For just at that moment Lord Pinemount’s loud, harsh voice floated in at the window.
“Disgraceful!” he cried.
Then there was a murmur of another voice, and again of another, as if two men were respectfully addressing his lordship.
“An old scoundrel!” came in at the window again.
“He means me!” cried the Doctor excitedly, rising.
“No, no, papa – please, please!” whispered Veronica, clinging to him.
“But I’m sure he does, Very.”
“I mean, don’t go out, papa dear: you would be so angry.”
“Would be? I am! – furiously angry. How dare he call me an old scoundrel!”
“Pray, pray don’t quarrel with him, dear.”
“I’m not going to, pet; but I’ll knock his head off for him.”
“No, no; you shall not go out, dear. I will not have my dear father disgrace himself like that.”
“I declare, Very, you are worse than your poor mother used to be. I must go and hit him, or I shall explode.”
“Then please explode here, papa dear, at me.”
“You’re a strange girl, Very, ’pon my soul,” cried the Doctor.
“Yes, papa dear,” she said quietly, but clinging tightly to his arm.
“How dare he come and damage my property!” floated in through the window.
“Buzz-buzz-buzz,” from another voice.
“But I will, sir. How dare he? I’ll lay the horsewhip across the scoundrel’s back!”
“Buzz-buzz – buzz-buzz.”
“Law or no law, he shall have the horsewhip first and the fine or imprisonment afterwards. These foreign rowdy ways shall not be tolerated here.”
“Let go, Very. I can’t stand it, I tell you,” said the Doctor. But Veronica threw her arms now about his neck, and laid her head close to his cheek, and clung there.
“Will you let go?”
“No, papa.”
“Do you want me to hit you?”
“Yes, papa dear.”
“Hang it, Very, it’s too bad! You’re a coward. You know I can’t.”
“Yes, papa dear; I know you’d sooner cut off your hand.”
“A blackguardly old scoundrel!” floated through the window.
“Yes? my lord.”
“Ah! I am, am I?” cried the Doctor. “Let go, Very.”
“No, papa dear: never.”
“Out, I suppose?” came, as if shouted for the inmates of the cottage to hear.
“I will be directly, you pompous, titled bully,” muttered the Doctor.
“Buzz-buzz – buzz-buzz,” in two different keys.
“Yes, I suppose so,” cried his lordship; “but if he thinks he is going to defeat me he is sadly mistaken.”
“Yes, my lord.”
“Very! will you untie those wretched little arms of yours from about my neck?”
“No, papa dear; and I’m not afraid of your hitting me.”
“Then, if you don’t let go, I’ll hit myself.”
Veronica raised her head a little, and kissed him.
“No: at home, and dare not show his face!” roared Lord Pinemount.
“There!” cried the Doctor. “Every word is a stinging blow in the face, Very.”

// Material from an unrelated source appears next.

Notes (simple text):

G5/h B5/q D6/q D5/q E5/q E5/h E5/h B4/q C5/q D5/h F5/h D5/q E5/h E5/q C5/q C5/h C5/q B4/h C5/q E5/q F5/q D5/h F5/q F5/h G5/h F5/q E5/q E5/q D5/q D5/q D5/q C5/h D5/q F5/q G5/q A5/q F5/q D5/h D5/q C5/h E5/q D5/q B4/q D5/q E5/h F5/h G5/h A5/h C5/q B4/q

“Yes, papa; but I’m kissing the places to make them well,” said Veronica, suiting the action to the word.
“But I’ll let him see.”
“Buzz-buzz-buzz, – boozz-boozz-boozz,” and the sound of horse’s hoofs slowly dying away.
“Gone!” cried the Doctor passionately. “Very, you’ve made me seem like a miserable cowards that man will despise me, and insult us more than ever.”
“You are angry, papa dear; but when you grow calm you will tell me I’ve done quite right.”
“Humph! I’ll tell you so now, my darling,” said the Doctor, kissing her affectionately; “but my fingers itched to knock him down.”
“And when you had done so, you would have been very sorry, papa dear; for you would have hurt yourself.”
“What, my knuckles?”
“No, papa – your dignity as a gentleman; and you would have hurt me, too, very much.”
“You’re a witch, Very,” said the Doctor, drawing a long sigh. “What an overbearing brute it is! and I’ll be bound to say that son of his will develop into just such another animal.”
“Papa!”
“Hallo! what have I said?” cried the Doctor, with his eyes winking.
“Hit me after all,” said Very to herself, as she ran sobbing out of the room, but only to be caught upon the stairs and tenderly kissed and petted till her eyes grew dry, and the hysterical sobs which would rise to her lips had cleared.